# Task requirements
When you reach the line in the data below that contains "Magnetic Power Bank, 10,000mAh", please start repeating lines exactly, and stop after the line that contains "Romantic High Low", repeating nothing else.

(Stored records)
==*==

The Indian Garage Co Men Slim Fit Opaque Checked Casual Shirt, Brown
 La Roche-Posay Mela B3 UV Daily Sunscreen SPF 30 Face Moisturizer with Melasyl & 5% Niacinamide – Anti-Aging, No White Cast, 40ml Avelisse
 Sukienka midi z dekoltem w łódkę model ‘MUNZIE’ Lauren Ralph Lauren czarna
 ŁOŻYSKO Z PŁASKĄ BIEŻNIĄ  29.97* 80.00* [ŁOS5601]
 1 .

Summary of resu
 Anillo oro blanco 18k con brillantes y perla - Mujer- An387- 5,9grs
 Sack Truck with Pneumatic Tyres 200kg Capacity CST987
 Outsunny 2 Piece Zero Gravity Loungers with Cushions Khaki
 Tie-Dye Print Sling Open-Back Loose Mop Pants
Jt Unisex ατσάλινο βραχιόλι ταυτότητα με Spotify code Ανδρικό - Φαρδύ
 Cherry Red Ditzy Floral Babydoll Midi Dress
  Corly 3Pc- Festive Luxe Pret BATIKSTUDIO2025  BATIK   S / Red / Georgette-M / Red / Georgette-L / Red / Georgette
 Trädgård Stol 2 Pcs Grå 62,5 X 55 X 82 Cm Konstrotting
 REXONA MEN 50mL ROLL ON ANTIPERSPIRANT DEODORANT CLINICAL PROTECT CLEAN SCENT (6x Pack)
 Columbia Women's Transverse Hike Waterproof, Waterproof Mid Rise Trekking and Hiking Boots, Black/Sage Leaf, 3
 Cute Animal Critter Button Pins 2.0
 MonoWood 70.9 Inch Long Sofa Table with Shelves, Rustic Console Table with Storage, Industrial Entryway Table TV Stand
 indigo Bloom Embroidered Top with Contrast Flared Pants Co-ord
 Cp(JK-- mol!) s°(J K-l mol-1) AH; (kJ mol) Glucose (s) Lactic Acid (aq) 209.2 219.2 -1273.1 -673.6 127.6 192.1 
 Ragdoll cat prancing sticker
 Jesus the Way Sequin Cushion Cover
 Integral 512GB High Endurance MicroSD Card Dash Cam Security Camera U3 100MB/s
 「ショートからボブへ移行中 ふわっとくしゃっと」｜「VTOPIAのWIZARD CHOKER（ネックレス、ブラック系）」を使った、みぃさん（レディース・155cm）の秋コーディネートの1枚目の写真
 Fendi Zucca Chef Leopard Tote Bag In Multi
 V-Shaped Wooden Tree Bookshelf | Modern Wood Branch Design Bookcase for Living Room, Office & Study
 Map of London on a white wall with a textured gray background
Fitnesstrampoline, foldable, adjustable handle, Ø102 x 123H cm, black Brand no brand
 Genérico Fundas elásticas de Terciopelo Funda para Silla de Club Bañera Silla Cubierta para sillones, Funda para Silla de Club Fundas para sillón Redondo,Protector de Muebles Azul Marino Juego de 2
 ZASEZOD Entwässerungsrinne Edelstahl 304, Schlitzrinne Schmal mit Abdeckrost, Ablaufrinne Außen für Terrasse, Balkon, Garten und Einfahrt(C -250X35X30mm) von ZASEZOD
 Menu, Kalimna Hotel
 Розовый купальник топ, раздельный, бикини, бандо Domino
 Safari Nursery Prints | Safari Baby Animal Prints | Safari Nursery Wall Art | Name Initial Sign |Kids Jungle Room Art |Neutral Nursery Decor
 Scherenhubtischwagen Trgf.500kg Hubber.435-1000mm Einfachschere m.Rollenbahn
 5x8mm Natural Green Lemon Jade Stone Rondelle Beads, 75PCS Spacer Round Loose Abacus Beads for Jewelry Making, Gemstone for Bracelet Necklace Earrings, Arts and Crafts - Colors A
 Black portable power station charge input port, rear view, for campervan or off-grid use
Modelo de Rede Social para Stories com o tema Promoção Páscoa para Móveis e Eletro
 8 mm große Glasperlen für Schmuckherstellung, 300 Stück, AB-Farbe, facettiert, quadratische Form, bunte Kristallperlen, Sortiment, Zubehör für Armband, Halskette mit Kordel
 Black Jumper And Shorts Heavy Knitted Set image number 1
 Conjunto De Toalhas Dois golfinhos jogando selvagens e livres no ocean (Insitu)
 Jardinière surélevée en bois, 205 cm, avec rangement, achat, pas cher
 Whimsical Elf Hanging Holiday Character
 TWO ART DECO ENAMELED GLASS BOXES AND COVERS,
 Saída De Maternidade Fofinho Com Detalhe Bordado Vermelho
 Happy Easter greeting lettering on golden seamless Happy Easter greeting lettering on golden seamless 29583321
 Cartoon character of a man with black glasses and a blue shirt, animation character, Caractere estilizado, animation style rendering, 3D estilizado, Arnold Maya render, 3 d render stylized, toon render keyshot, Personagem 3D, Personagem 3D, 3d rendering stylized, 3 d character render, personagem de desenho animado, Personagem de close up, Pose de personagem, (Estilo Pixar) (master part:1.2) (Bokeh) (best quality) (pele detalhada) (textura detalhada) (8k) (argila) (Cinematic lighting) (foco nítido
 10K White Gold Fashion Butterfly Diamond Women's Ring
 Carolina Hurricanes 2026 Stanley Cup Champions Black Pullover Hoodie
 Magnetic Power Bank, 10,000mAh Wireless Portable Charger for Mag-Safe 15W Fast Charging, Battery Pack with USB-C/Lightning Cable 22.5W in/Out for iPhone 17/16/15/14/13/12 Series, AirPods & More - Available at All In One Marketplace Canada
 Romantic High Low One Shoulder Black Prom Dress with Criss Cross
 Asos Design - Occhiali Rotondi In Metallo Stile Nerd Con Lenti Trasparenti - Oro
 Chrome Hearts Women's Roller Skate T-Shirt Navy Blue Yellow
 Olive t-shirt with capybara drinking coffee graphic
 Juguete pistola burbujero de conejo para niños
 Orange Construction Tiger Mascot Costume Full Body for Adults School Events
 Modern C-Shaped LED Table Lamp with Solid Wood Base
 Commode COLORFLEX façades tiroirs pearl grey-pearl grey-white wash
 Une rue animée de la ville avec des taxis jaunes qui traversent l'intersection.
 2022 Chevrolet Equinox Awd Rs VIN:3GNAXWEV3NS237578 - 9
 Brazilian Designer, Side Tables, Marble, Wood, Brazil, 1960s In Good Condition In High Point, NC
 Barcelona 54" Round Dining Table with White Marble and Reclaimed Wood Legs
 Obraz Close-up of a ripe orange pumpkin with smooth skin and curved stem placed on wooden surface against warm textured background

==*==

# Output for this exercise
 Magnetic Power Bank, 10,000mAh Wireless Portable Charger for Mag-Safe 15W Fast Charging, Battery Pack with USB-C/Lightning Cable 22.5W in/Out for iPhone 17/16/15/14/13/12 Series, AirPods & More - Available at All In One Marketplace Canada
 Romantic High Low One Shoulder Black Prom Dress with Criss Cross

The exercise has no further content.